Lüroth’s theorem (Lüroth 1876 for \(k = \mathbb{C}\), Steinitz 1910 in general). If \(k \subseteq K\) are fields such that \(k \subseteq K \subseteq k(x)\), where \(x\) is an indeterminate over \(k\), then \(K = k(g)\) for some rational function \(g\) of \(x\) over \(k\).
I am going to present a “constructive” proof of Lüroth’s theorem due to Netto (1895) that I learned from Schinzel’s Selected Topics on Polynomials (and give some applications to criteria for proper polynomial parametrizations).

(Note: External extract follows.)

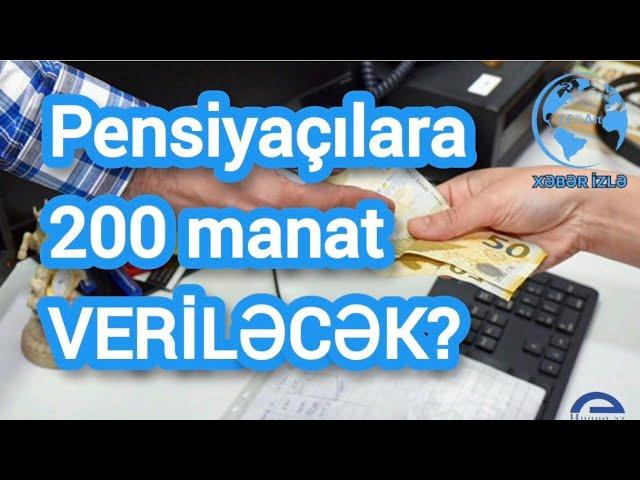 PENSİYAÇILARA 200 manat VERİLƏCƏK? @Xeberizle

The proof uses the following result which I am not going to prove here:
Proposition (with the set up of Lüroth’s theorem). \(K\) is finitely generated over \(k\), i.e. there are finitely many rational functions \(g_1, \ldots, g_s \in k(x)\) such that \(K = k(g_1, \ldots, g_s)\).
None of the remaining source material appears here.